Independent senator out of step as young people help shape Ireland of tomorrow

Sometimes it feels as though there is a particular class of senators who approach the sport as pure hobbyists. This feeling – however misplaced – is given credence when a senator you haven’t heard of in a while says something silly.

Last week, it was Marie-Louise O’Donnell’s turn, a senator via the blessing of Taoiseach’s nominee, twice nominated by Enda Kenny. Both are around the same age and from the same part of Mayo, which is a coincidence. O’Donnell took to the floor to discourage young people from being involved in politics, while a public gallery full of teenagers – presumably mouths agape – looked on.

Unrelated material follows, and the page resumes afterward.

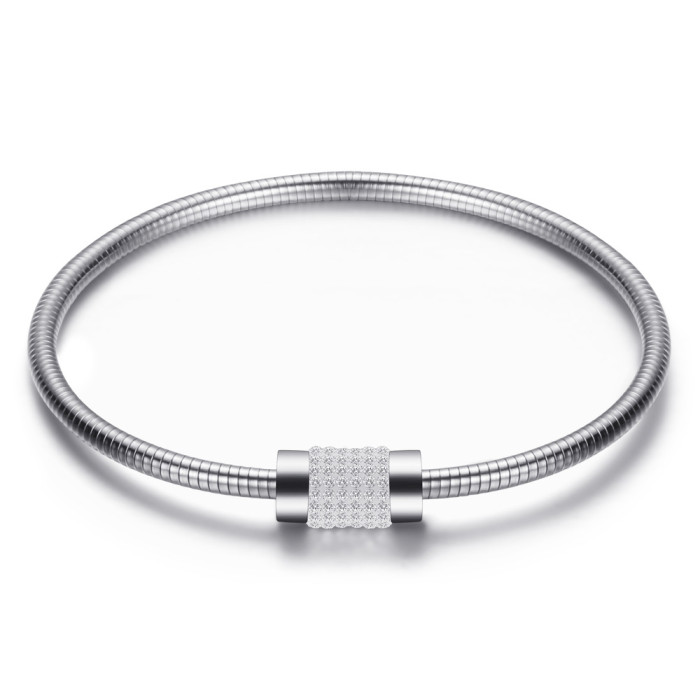 European and American Hot-Selling New 3MM Bracelet with Diamond Inlay, Round Snake Chain, Three-Color Stainless Steel Titanium Steel Bracelet, Versatile for Women, Wholesale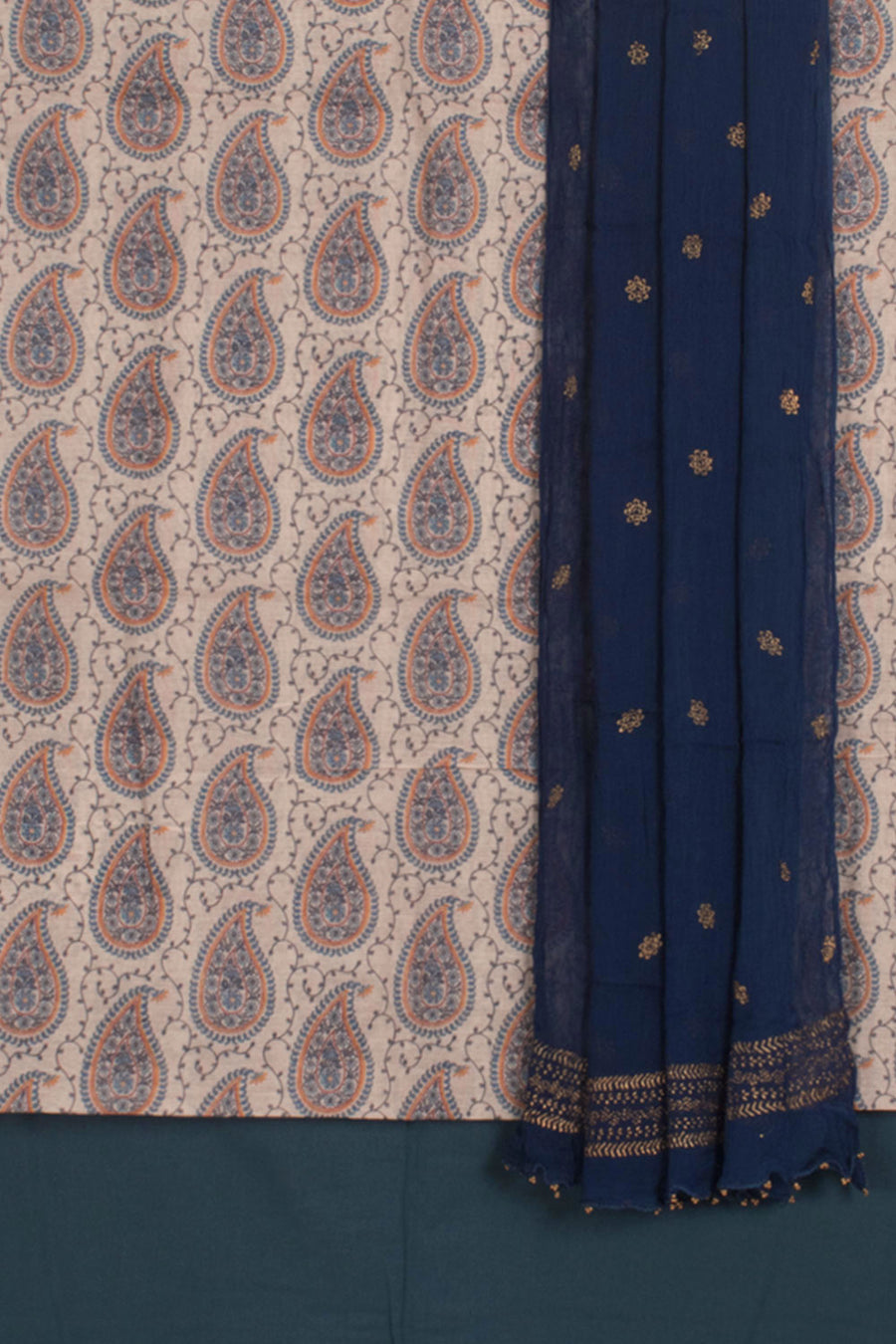 Digital Printed Chanderi Silk Cotton 3-Piece Salwar Suit Material with Mulmul Bottom and Rogan Printed Dupatta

The Seanad is an interesting arena in which to observe a different kind of generation gap in Irish politics than the one we see in the Dáil, where ageing Fianna Fáil and Labour politicians glare at Leo Varadkar. It's in the Seanad that Sinn Féin senator Fintan Warfield and Independent senator Lynn Ruane were actually attempting to legislate – shocker – in stark contrast to some of their more hands-off colleagues, for whom a senatorship appears to primarily involve handshaking, trips to Marian Finucane's radio studio and obligatory attendance at opening nights at the Abbey.

Bill to reduce voting age

Senator Warfield reintroduced a Bill to reduce the voting age for local and European elections to 16. Senator Ruane seconded it. But some of the senators weren't having it.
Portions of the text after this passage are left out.